Numerical Performance
Summary
One of the goals of tafra is to provide a fast-as-possible data structure
for numerical computing. To achieve this, all function returns are written
as generator expressions wherever
possible.
Note
Benchmarks collected on Windows 11 (Python 3.11). Library versions listed at the bottom of this page.
Additionally, because the data contains values of ndarrays, the
map functions may also take functions that operate on ndarrays. This means
that they are able to take numba @jit'ed
functions as well.
Construction & Access
Tafra wraps a plain dict of numpy arrays, so construction and
column access have minimal overhead compared to pandas:
from tafra import Tafra
import pandas as pd
import polars as pl
import numpy as np
data = {f'col{i}': np.random.randn(100_000) for i in range(5)}
tf = Tafra(data) # 0.01 ms
df = pd.DataFrame(data) # 2.83 ms
plf = pl.DataFrame(data) # 0.03 ms
# Column access
x = tf['col0'] # 0.09 us per access
x = df['col0'] # 10.7 us
x = plf['col0'] # 0.56 us
| Operation | tafra | pandas | polars |
|---|---|---|---|
| Construction (100k rows, 5 cols) | 0.01 ms | 2.83 ms (283x) | 0.03 ms (3x) |
| Column access (per call) | 0.09 us | 10.7 us (119x) | 0.56 us (6.2x) |
pandas 3.0 introduced copy-on-write semantics and additional safety checks
in column access, significantly increasing per-access overhead. polars is
faster than pandas but still 6x slower than Tafra's direct dict lookup.
Row Mapping
Row-wise mapping applies a Python function to each row. Tafra uses
tuple_map (NamedTuple access), pandas uses itertuples, and polars
uses map_elements on a struct column. All apply a scalar function per row:
import math
def row_fn(a: float, b: float, c: float) -> float:
return math.sqrt(a * a + b * b) + math.log1p(abs(c))
# tafra (name=None for fast plain-tuple iteration)
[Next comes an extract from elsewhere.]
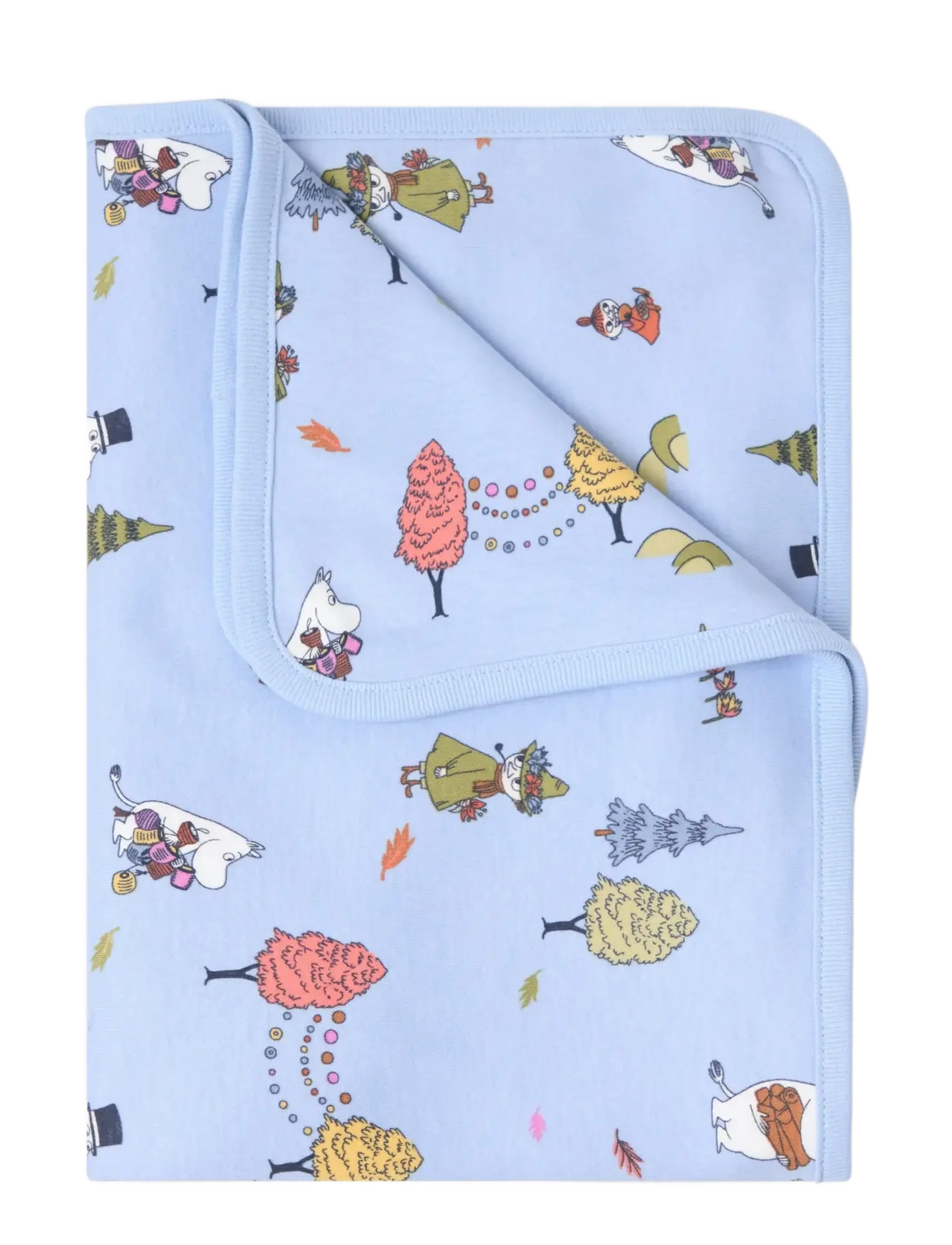 Lindex Baby blanket with Moomin - Lindex - LIGHT BLUE / blue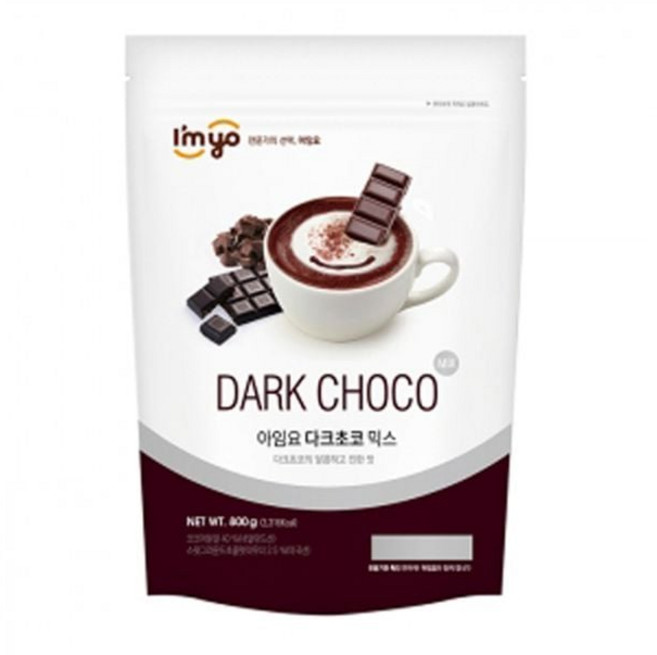 아임요 다크초코 믹스 800g 초코가루 코코아 라뗴_W1CF6A8, 본상품, 1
result = list(tf.tuple_map(lambda r: (row_fn(r[0], r[1], r[2]),), name=None))
# pandas
result = [row_fn(r.a, r.b, r.c) for r in df.itertuples()]
# polars (map_elements on struct)
result = plf.with_columns(
pl.struct(['a', 'b', 'c']).map_elements(
lambda s: row_fn(s['a'], s['b'], s['c']),
return_dtype=pl.Float64
).alias('result')
)
| Scale | tafra | pandas | polars |
|---|---|---|---|
| 10k rows | 5.69 ms | 6.62 ms | 5.91 ms |
| 100k rows | 62.1 ms | 64.4 ms | 47.0 ms |
| 1M rows | 643 ms | 649 ms | 477 ms |
With name=None (plain tuple fast path), polars narrowly wins at 10k rows
with tafra within 4%. At 100k+ rows, polars map_elements pulls
ahead -- its Rust-backed struct iteration is faster than Python tuple
unpacking at scale. tafra and pandas are within 4% of each other,
while polars is ~30% faster at 1M rows.
Vectorized Expressions
When the computation can be expressed as array operations, all three
libraries avoid Python per-row overhead entirely. Each library uses its
native expression API to evaluate sqrt(a^2 + b^2) + log1p(|c|):
# tafra / numpy — direct array ops
result = np.sqrt(tf['a']**2 + tf['b']**2) + np.log1p(np.abs(tf['c']))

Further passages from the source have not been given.